WHAT NEEDS TO BE DONE:
Return, exactly and with nothing added, the line with "Drop Fade With Quiff" together with all lines after it through the end of the data below. No pictures belong in the copy.

SOURCE MATERIAL:
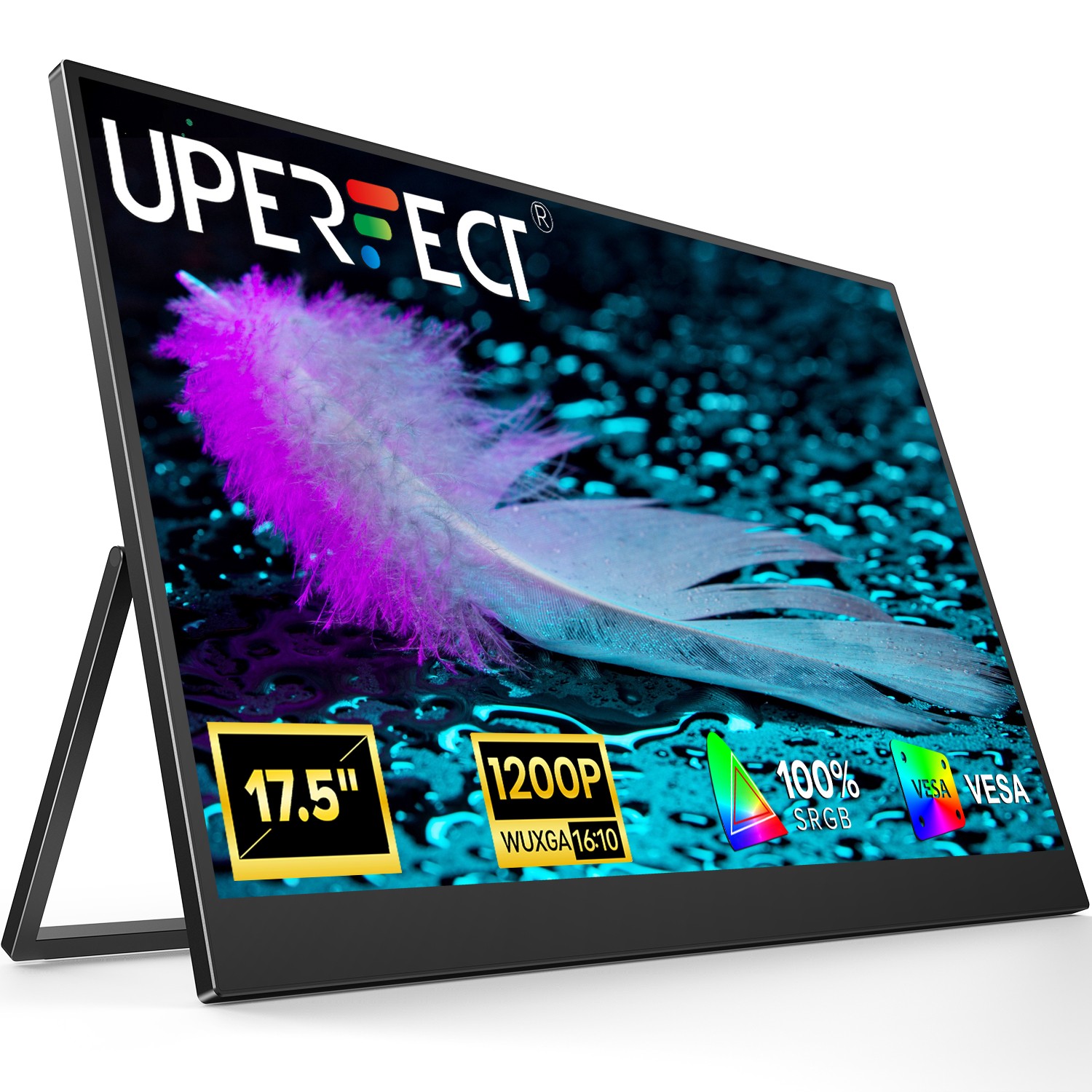 UPERFECT 17.5 Inch Portable Monitor Gaming Laptop External Screen 1920x1200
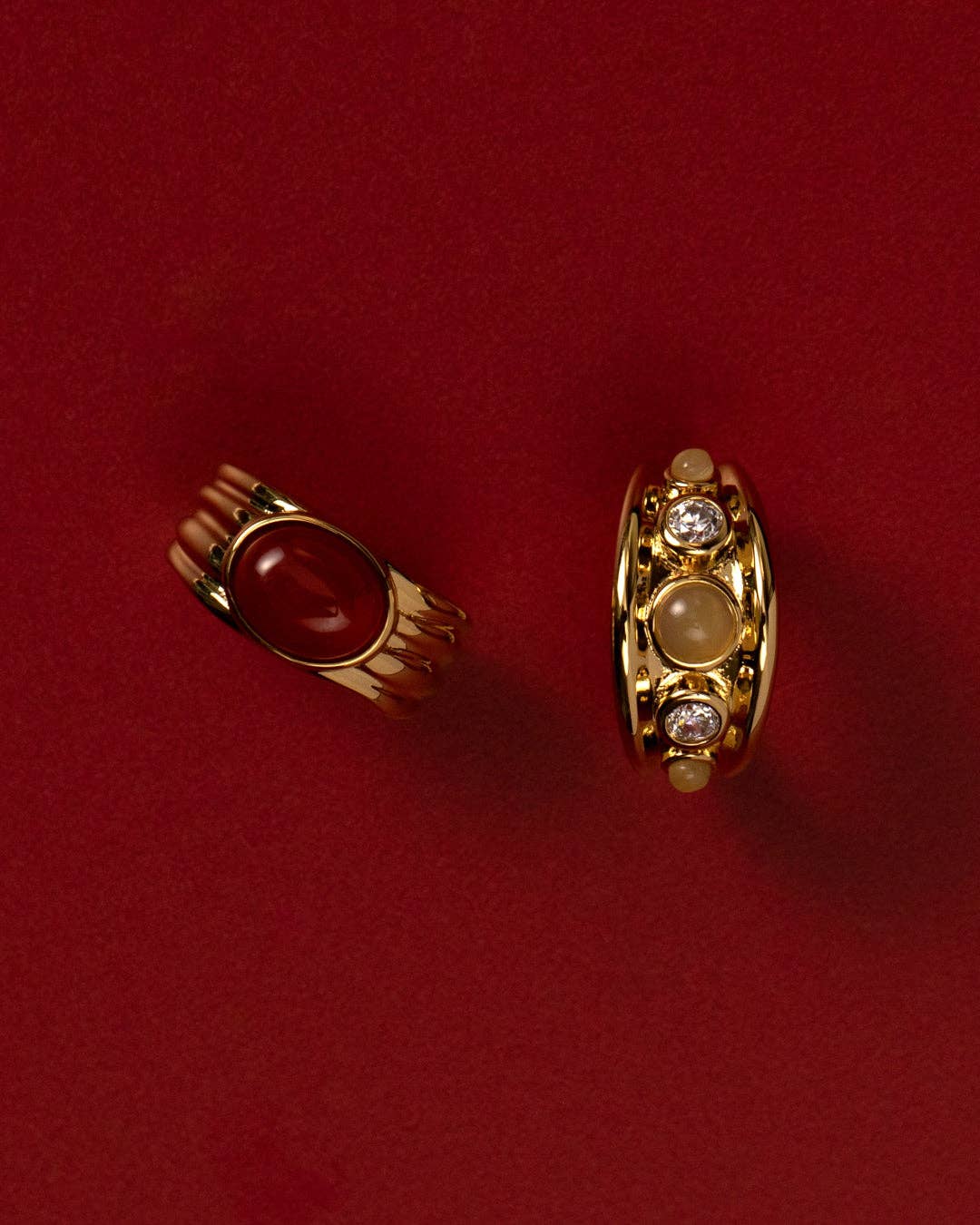 The Valencia Ring Set: Gold / 6 - obligato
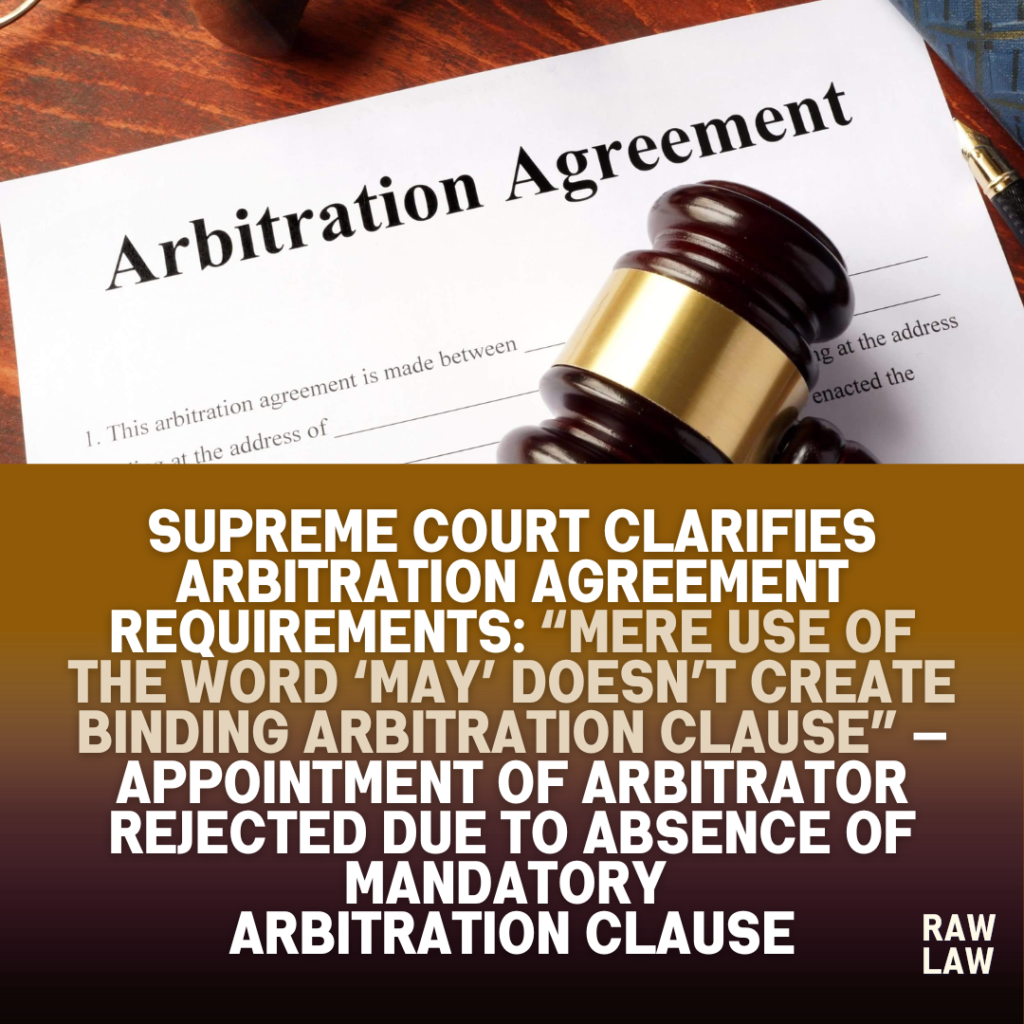 arbitral award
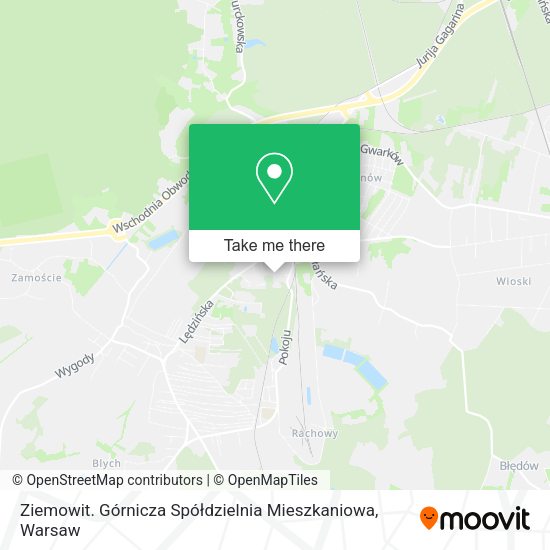 Ziemowit. Górnicza Spółdzielnia Mieszkaniowa map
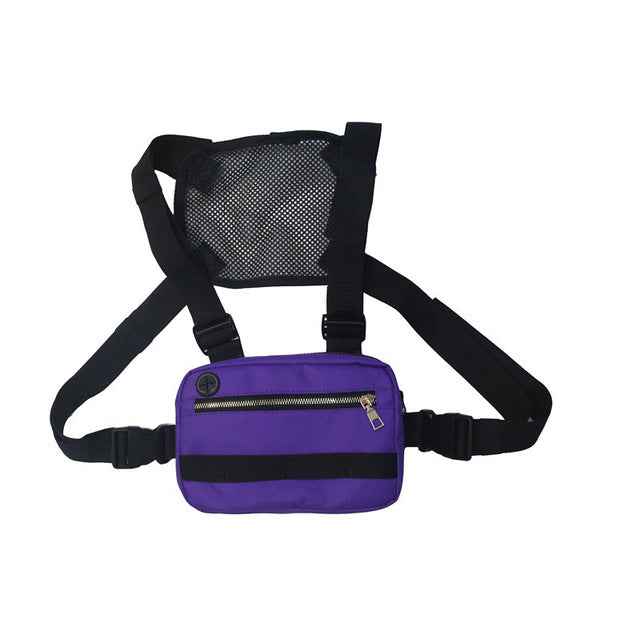 Vest Streetwear Waist Pack Women Black Chest Rig Bag - ETAclothes.store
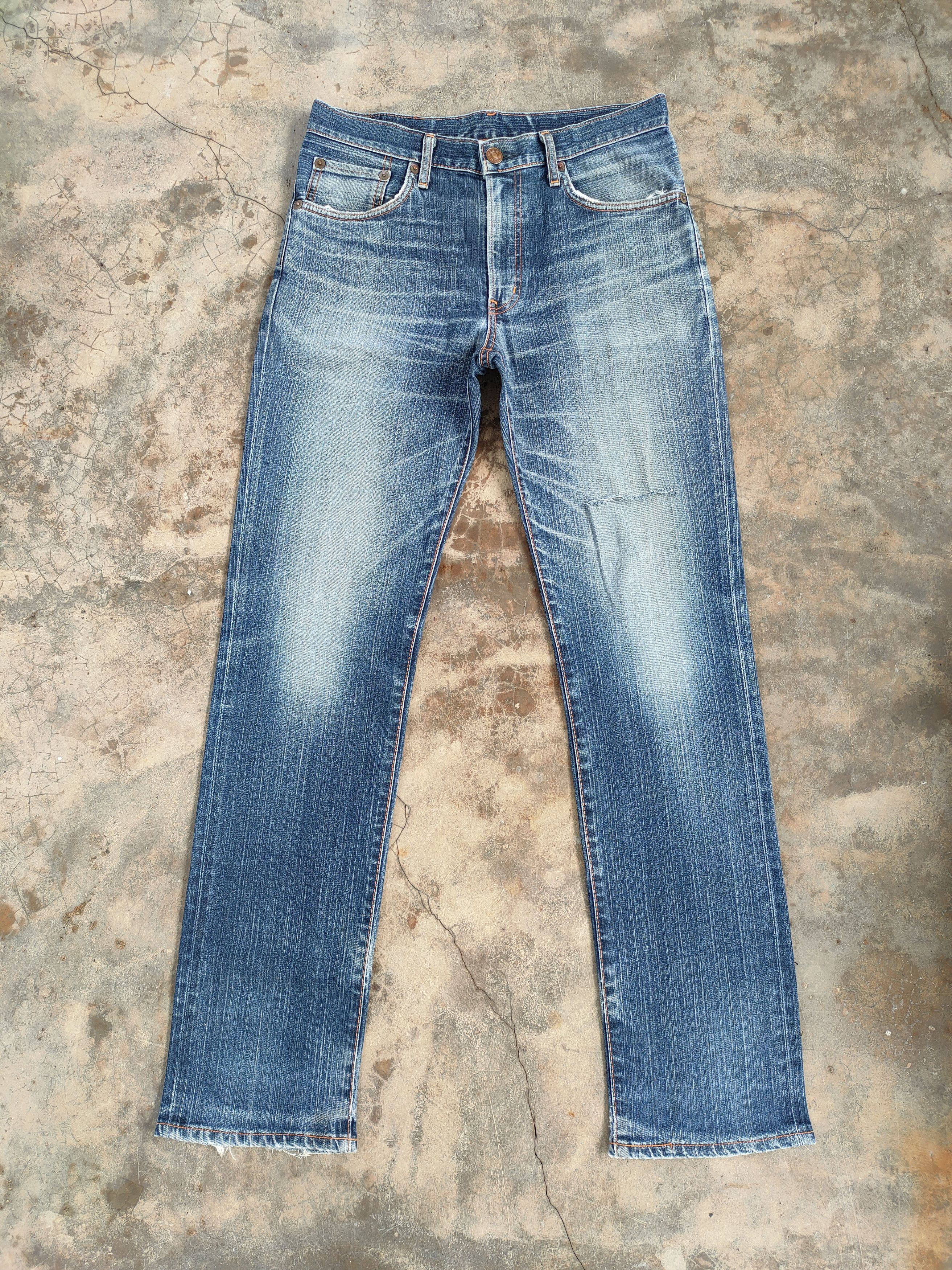Edwin Vintage Edwin 503 Faded ripped denim jeans pants Size US 33 - 1 Thumbnail
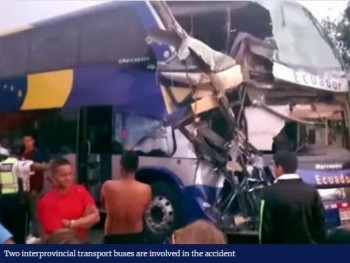 Ecuador: ​Tai nạn xe bus nghiêm trọng, hơn 60 người thương vong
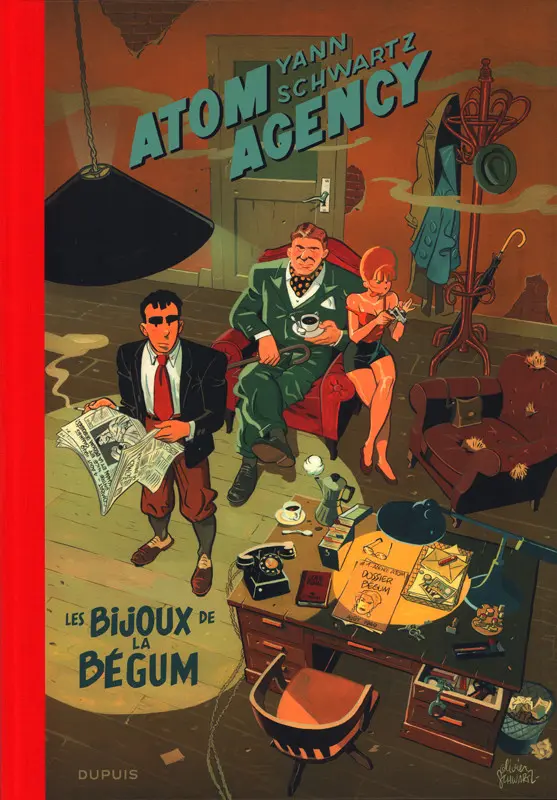 Couverture de l'album Atom Agency Tome 1 Les Bijoux de la Bégum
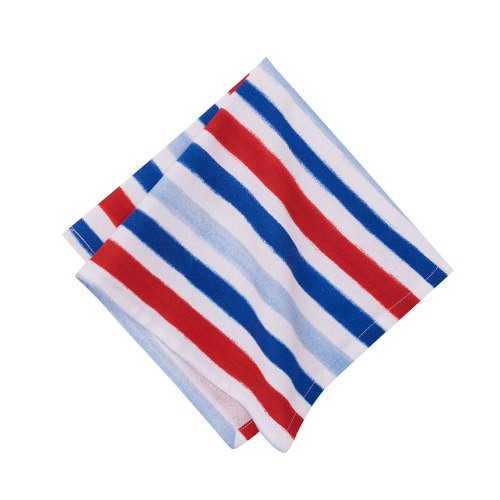 C&F Home Watercolor Patriotic Striped Napkin Set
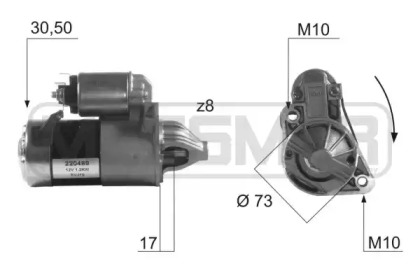 Стартер MESSMER 220489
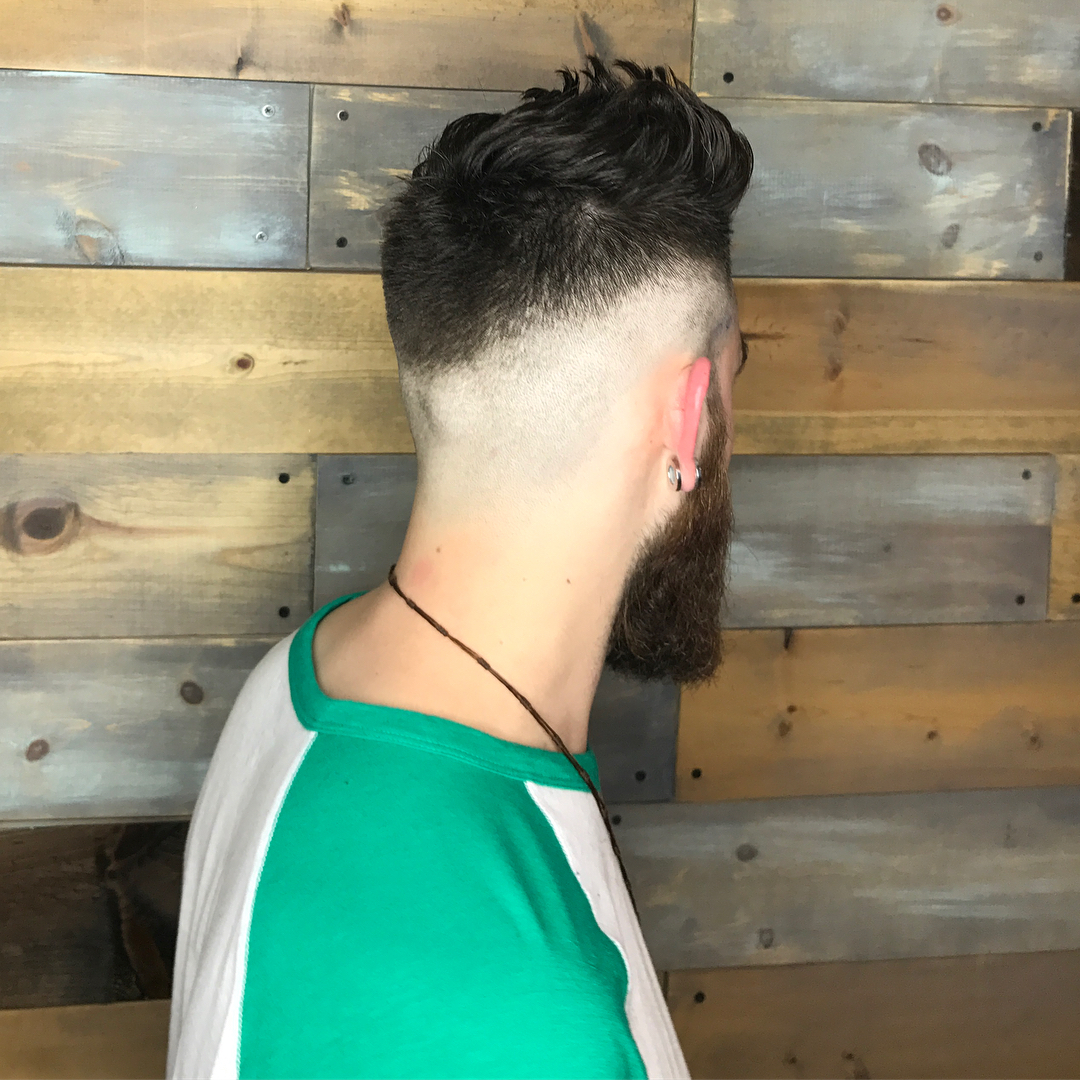 Drop Fade With Quiff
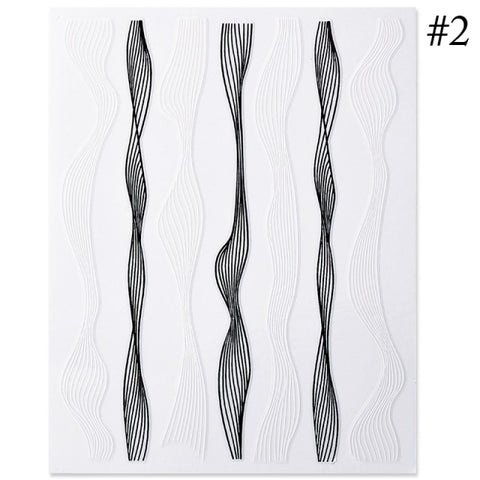 Silver Gold Lines Stripe 3D Nail Stickers Inpluser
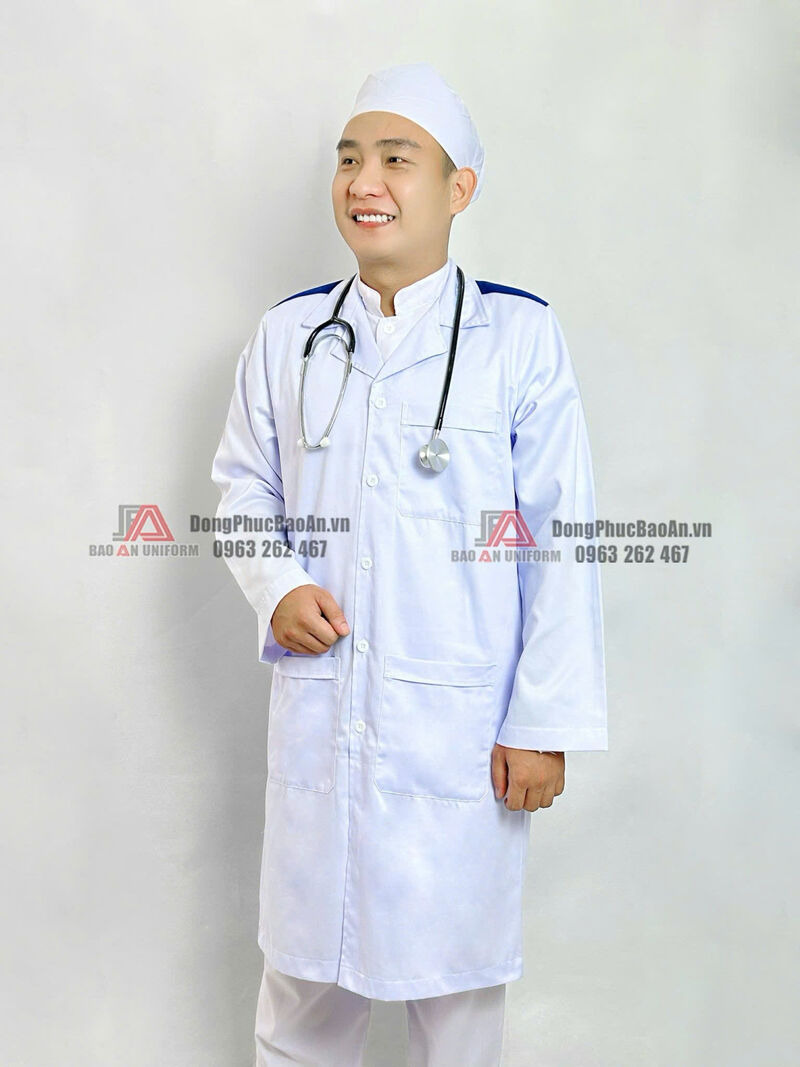 xưởng may áo blouse y tế đẹp, giá tốt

TASK ANSWER:
 Drop Fade With Quiff
 Silver Gold Lines Stripe 3D Nail Stickers Inpluser
 xưởng may áo blouse y tế đẹp, giá tốt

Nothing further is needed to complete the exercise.